PROBLEM TO SOLVE:
In the entries below, find the line with "Help! My Teacher is Santa C..." and the line with "Dojrzewanie Dziewczyny : Guide"; give again those lines and every line between them, exactly.

DATASET RECORDS:

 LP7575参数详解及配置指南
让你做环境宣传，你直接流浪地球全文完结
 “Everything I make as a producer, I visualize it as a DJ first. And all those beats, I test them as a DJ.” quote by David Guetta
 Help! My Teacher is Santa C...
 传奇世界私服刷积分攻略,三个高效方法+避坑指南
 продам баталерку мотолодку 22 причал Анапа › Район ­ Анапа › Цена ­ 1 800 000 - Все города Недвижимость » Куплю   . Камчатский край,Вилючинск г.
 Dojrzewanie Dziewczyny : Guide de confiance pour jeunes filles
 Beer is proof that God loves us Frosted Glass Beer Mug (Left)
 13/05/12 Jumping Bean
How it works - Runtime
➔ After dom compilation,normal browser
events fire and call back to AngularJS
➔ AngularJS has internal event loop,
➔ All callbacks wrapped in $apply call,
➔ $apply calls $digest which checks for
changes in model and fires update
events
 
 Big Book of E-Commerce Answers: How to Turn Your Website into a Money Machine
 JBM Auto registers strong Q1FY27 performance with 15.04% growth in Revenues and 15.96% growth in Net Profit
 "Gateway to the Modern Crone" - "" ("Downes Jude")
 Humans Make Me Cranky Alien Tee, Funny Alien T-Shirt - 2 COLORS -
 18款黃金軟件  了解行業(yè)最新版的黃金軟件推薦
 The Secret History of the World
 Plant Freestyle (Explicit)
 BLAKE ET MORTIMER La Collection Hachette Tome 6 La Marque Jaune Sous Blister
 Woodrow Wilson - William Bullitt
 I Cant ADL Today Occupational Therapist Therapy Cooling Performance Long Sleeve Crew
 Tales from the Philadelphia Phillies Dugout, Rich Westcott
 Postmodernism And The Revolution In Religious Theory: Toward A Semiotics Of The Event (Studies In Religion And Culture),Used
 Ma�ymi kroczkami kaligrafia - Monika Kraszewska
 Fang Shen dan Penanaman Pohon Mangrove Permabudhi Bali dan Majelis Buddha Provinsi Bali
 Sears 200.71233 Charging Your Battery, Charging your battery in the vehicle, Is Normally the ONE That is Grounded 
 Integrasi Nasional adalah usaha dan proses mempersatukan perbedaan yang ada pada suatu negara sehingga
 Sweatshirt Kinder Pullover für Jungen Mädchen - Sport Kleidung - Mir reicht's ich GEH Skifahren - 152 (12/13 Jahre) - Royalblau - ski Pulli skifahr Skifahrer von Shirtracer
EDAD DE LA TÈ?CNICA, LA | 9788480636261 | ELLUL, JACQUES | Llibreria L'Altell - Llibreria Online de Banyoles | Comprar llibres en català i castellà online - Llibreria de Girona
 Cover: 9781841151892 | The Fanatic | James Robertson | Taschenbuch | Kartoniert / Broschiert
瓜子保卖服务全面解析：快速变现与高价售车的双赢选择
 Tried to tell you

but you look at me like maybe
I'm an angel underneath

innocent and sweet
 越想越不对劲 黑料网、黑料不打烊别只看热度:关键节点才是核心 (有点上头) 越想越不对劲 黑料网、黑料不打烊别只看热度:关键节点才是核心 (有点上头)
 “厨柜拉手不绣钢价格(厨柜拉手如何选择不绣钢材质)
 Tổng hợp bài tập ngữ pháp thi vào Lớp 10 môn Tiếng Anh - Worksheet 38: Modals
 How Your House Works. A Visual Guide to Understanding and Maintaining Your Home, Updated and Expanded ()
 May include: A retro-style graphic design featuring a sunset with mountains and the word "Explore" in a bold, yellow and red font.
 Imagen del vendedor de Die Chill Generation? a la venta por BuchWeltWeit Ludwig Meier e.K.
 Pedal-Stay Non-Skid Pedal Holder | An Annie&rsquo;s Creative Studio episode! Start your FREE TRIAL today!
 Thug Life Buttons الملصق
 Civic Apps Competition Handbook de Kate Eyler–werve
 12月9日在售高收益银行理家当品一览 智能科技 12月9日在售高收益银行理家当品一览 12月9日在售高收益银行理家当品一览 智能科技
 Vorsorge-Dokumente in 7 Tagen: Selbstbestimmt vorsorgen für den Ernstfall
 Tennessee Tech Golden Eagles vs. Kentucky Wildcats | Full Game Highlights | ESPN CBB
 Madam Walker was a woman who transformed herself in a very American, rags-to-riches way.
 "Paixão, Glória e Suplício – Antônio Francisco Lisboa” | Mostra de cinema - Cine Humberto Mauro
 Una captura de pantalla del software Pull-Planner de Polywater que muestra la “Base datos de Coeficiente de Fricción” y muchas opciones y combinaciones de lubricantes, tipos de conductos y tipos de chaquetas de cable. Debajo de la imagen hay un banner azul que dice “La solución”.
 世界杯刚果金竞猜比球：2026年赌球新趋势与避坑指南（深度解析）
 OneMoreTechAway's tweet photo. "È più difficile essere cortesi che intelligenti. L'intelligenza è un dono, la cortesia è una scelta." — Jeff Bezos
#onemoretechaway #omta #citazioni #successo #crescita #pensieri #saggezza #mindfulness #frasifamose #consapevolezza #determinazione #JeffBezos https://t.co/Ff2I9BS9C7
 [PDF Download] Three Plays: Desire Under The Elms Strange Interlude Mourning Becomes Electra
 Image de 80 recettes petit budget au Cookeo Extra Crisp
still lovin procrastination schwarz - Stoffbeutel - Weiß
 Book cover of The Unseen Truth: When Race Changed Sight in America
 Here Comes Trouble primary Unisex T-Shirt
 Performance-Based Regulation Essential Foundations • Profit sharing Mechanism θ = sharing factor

ANSWER TO THIS EXERCISE:
 Help! My Teacher is Santa C...
 传奇世界私服刷积分攻略,三个高效方法+避坑指南
 продам баталерку мотолодку 22 причал Анапа › Район ­ Анапа › Цена ­ 1 800 000 - Все города Недвижимость » Куплю   . Камчатский край,Вилючинск г.
 Dojrzewanie Dziewczyny : Guide de confiance pour jeunes filles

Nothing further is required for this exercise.